Thursday, July 26, 2012

Move Review: Ted

Directed by
Seth MacFarlane
Written by
Seth MacFarlane (story)
Screenplay by
Seth MacFarlane

Alec Sulkin

Wellesley Wild

Mark Wahlberg
John Bennett
Mila Kunis
Lori Collins
Seth MacFarlane
Ted (voice)
Joel McHale
Giovanni Ribisi
Patrick Warburton
Matt Walsh
Jessica Barth
Aedin Mincks
Bill Smitrovich
Patrick Stewart

A cinena-wise friend of mine said: “We’re going to get remakes until the economy improves.” Well, we’re getting clones of television shows, too. Liking Family Guy is not a guarantee that you will enjoy Ted, which is essentially a clone of the show.
 Tony and I didn’t like Ted. It’s rare that I walk out on a film and ask for our money back.

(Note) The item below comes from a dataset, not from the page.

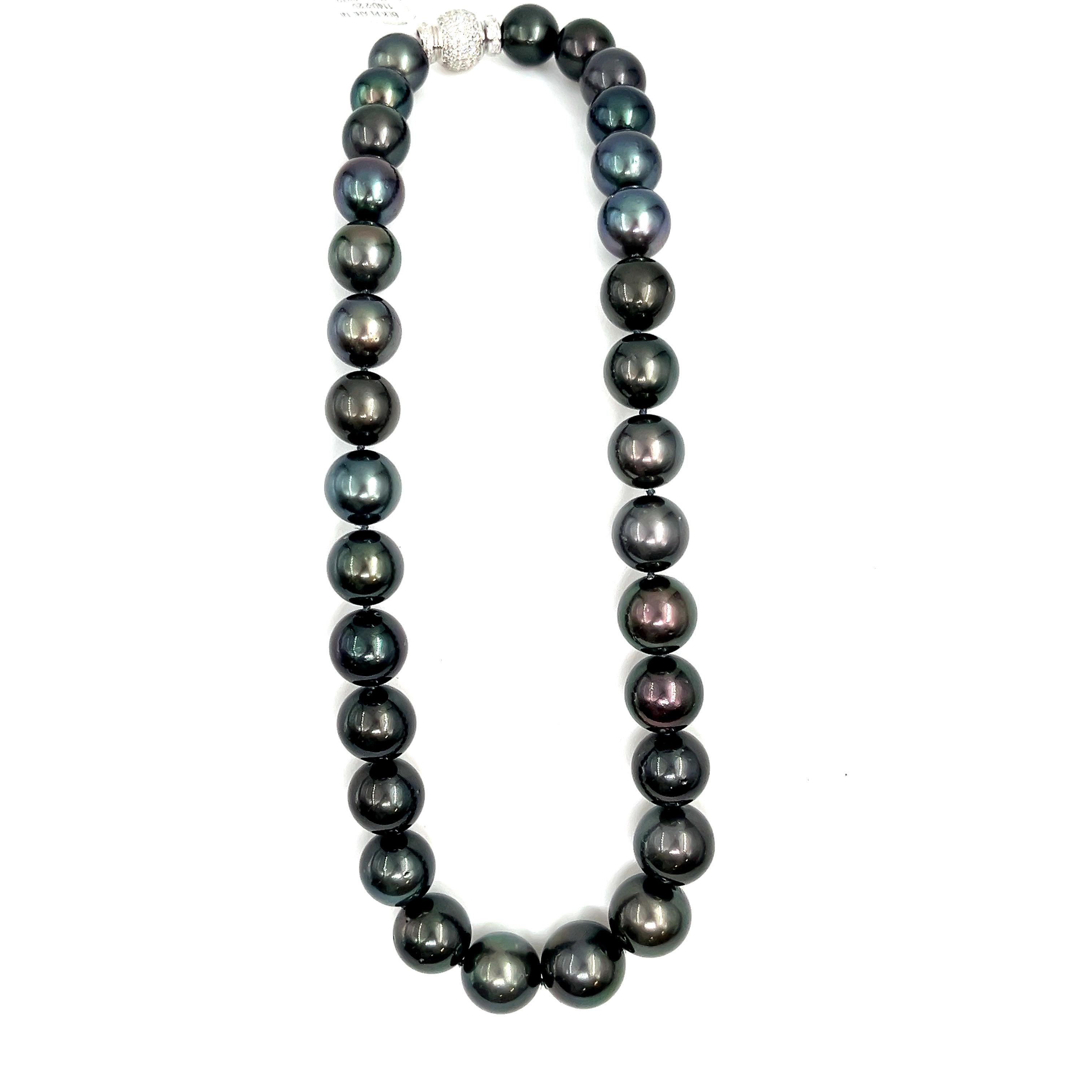 Collana con diamanti da 2,25 carati e perle nere di Tahiti Nature in vendita 4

I can think of two instances: The World According to Garp and Ted.
 When I first saw the previews for Ted, I thought I was going to love the film. I’m fond of cinema of the weird. I like bears and the trailer was hilarious. Somehow, I suspect they saved the best for the trailer.
 I actually did laugh a few times during the first few minutes of the film, but I quickly lost interest. The basic storyline is cute: young friendless kid wishes his Christmas gift would come to life so he could have a companion.
 And presto—the bear’s talking without someone physically activating him. Ted becomes a celebrity, making appearances on nighttime talk shows and signing autographs.
But, twenty-eight years later, they’re still together and they’re still basically kids. It’s Peter Pan without pirates or a starship to make the action interesting. Instead, you’ve got mostly lame jokes and relationship angst. John can’t commit to his girlfriend of four years and Ted’s—well, Ted’s only serious love is Mary Jane and I’m not talking about a girl, I’m talking about weed.
Don’t get me wrong. I’m not opposed to legalization and I actually think some weed-based frat boy humor is funny. I liked Reefer Madness and I love Cheech and Chong. Ted just went over-the-top stupid.
Normally, when I buy a ticket, I’m in for the long haul but I just couldn’t bring myself to spend another hour to find out if all ended well for the duo or not. Nothing about any of the characters induced me to care. The action figures Seth MaFarlane creates for Sideshow have more personality.
Can I recommend this film?  Only if you really like Dumb and Dumber type films and just want to see more. On opening night, the theater had thirteen people in it and two walked out. When we approached the manager, he wasn’t at all surprised that we’d asked for a refund—it’d already happened a few times before that day. His feelings:
“Some people like it. Some people don’t.”
So, if you go—be sure to check and see if you can get a refund if you leave. Before I’d recommend investing the time and money, just wait til it’s out for a $1 rental and watch at home with friends and beer. Or weed. Weed might well make this film the best you’ve ever seen.